▸ **WORK TASK**
Return the lines of the listing below exactly as they appear, beginning at the one with "Aksi tim damkar bongkar borgol © Twitter" and stopping after the one with "Meine &quot;Mehlstube&quot; <br"; do not include pictures.

▸ **DATA SHOWN**
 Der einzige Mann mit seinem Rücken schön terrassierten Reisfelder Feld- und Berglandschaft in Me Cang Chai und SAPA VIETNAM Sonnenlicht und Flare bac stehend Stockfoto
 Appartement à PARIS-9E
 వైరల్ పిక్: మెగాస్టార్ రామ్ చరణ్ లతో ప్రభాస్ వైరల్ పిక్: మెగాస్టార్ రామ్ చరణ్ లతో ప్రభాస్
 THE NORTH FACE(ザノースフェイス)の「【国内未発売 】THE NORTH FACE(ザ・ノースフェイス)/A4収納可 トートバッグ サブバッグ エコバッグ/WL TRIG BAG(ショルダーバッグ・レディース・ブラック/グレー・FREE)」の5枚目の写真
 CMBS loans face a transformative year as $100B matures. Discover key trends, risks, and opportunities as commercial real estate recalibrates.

---

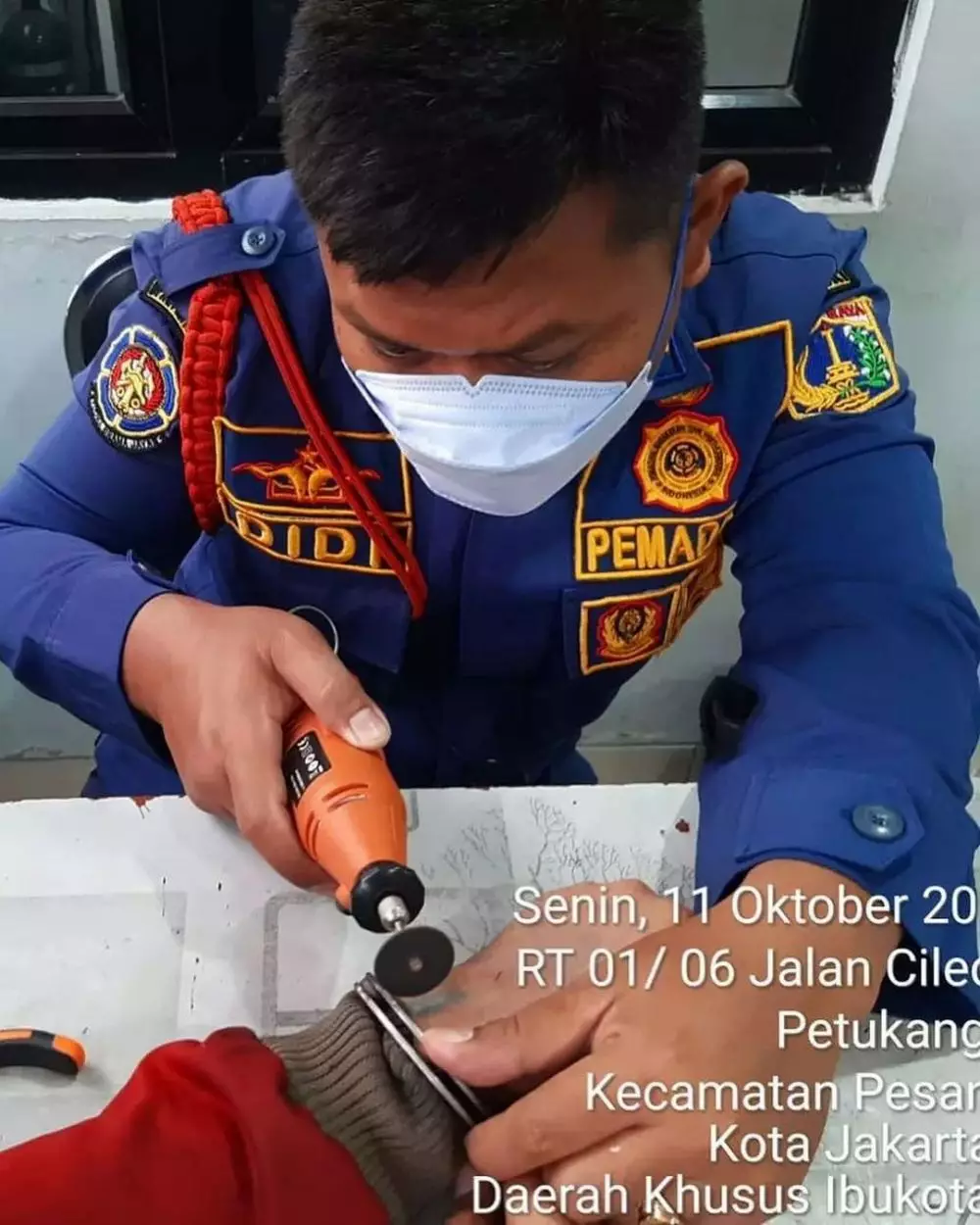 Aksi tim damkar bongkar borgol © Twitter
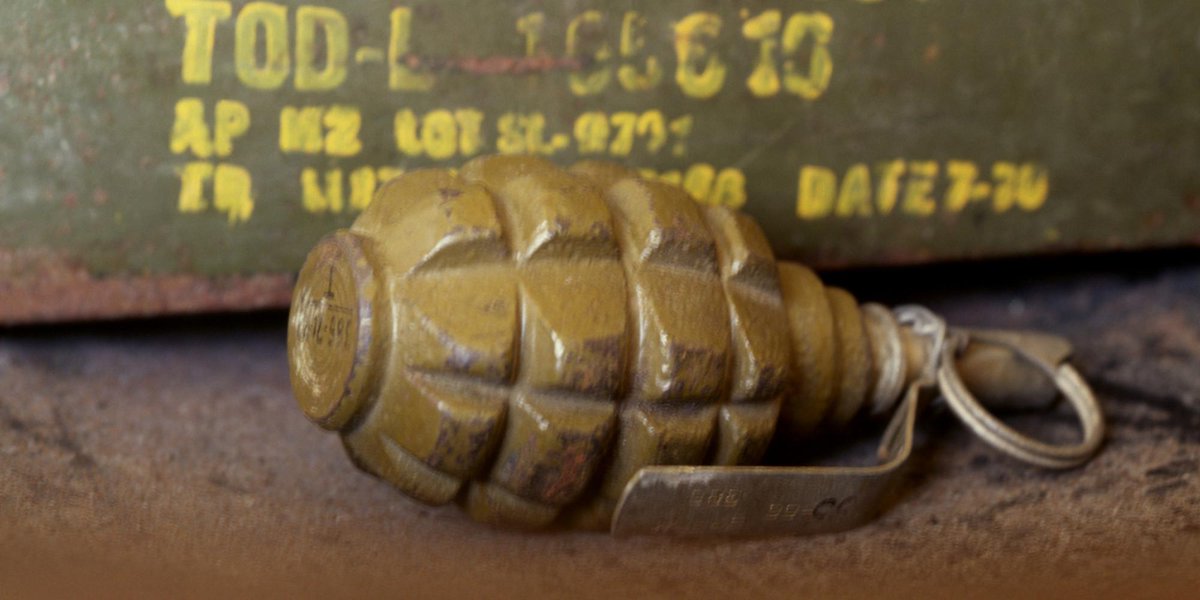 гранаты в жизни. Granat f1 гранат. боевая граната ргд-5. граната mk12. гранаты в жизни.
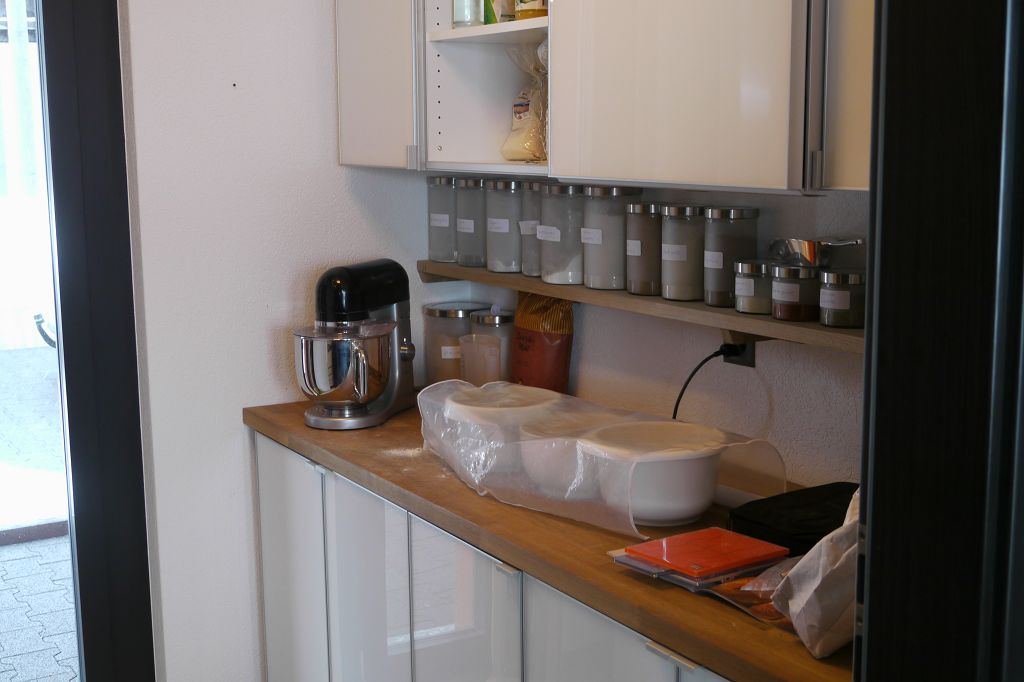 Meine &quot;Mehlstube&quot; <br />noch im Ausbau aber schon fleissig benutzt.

▸ **RESPONSE AREA**
 Aksi tim damkar bongkar borgol © Twitter
 гранаты в жизни. Granat f1 гранат. боевая граната ргд-5. граната mk12. гранаты в жизни.
 Meine &quot;Mehlstube&quot; <br />noch im Ausbau aber schon fleissig benutzt.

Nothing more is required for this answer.